Yasunari Kawabata, Prêmio Nobel de 1968, compôs uma história que conta a viagem a Kyoto de um romancista chamado Oki para contemplar a tradicional celebração de Ano-Novo na cidade. Lá, o personagem reencontra-se com sua antiga amante, Otoko, com quem teve um caso muitos anos antes, quando ela ainda era apenas uma adolescente e ele já um adulto. Naquela ocasião, ela engravidou dele e perdeu o bebê. A relação então acabou, e Oki escreveu um romance expondo Otoko, livro que se tornou best-seller. No reencontro, ele tem outra vida, ela não é mais uma adolescente, e novos personagens fazem com que a relação deles seja retomada de maneira diferente e com novas complicações.
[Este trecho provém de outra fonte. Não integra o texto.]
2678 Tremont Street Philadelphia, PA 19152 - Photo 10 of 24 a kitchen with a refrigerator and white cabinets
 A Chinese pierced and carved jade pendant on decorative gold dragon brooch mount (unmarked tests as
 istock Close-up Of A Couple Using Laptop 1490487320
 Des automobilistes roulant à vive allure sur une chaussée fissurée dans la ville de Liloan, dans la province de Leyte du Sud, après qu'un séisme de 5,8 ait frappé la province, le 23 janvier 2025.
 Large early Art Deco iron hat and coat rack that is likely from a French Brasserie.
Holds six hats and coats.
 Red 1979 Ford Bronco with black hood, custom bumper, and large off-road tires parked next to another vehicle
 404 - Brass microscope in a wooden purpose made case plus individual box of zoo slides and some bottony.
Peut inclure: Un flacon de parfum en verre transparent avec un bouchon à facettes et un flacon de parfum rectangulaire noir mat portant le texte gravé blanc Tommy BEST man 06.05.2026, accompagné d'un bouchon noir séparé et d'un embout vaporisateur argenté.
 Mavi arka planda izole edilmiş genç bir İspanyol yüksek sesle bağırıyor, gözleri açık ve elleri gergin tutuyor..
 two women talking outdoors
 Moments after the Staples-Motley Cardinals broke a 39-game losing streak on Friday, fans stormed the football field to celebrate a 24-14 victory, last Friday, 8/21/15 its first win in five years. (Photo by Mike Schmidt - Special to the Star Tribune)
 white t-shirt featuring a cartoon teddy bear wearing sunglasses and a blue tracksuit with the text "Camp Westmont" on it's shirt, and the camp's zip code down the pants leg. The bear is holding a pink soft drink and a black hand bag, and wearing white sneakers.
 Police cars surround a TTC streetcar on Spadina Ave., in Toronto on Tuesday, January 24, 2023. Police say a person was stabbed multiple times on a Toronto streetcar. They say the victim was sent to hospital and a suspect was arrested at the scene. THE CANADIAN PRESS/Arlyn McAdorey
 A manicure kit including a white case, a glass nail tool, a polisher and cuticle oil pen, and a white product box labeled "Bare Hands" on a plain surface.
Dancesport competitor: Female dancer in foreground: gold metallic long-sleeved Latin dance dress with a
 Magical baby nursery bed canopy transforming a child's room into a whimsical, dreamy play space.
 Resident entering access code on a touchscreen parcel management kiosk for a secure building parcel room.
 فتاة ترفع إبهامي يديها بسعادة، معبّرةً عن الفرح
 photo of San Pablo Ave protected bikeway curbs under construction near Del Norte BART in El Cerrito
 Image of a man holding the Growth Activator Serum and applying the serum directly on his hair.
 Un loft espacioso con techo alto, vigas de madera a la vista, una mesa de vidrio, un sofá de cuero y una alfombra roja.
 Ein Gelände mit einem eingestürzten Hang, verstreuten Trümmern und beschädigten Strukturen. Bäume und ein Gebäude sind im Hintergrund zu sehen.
O enredo de Beleza e tristeza, no entanto, embora muito envolvente, não dá conta da grandeza do livro. O título, que junta dois substantivos abstratos, faz parte da composição, sugerindo que -- primeiro -- beleza e tristeza podem andar, e comumente andam lado a lado, e que -- segundo -- as abstrações, nesse caso, têm peso maior que os fatos e a materialidade.
Não à toa, o tempo, uma das maiores abstrações da vida, tem importância crucial na forma com que se desenrola a narrativa. Kawabata fez parte da corrente neossensorialista, que deu à literatura japonesa poética e sintaxe capazes de alcançar mais camadas da percepção humana. Em Beleza e tristeza, portanto, as várias versões dos personagens pelo tempo importam mais do que a figura estática de cada um deles. Aí está a força do romance: prova que a realidade possui caráter mais diverso do que verdades unívocas.
Kawabata consegue ainda sobrepor a tudo isso profundas discussões sobre tradição e modernidade, desde o embate entre as duas concepções de cultura no âmbito intelectual, envolvendo por exemplo a renovação e a conservação do idioma japonês, até o conflito de gerações de costumes opostos. Chama a atenção o destaque dado ao relacionamento, inclusive sentimental, entre a aluna e a mestra nos pudicos anos 1970 japoneses. Beleza e tristeza é um dos últimos livros que Kawabata publicou, o que contribui para que o texto esteja permeado com vários dos temas que constituem o campo literário do autor, ainda com a vantagem de a consciência artística e a serenidade da experiência, aqui, darem à narrativa uma complexidade própria de ganhador de Prêmio Nobel.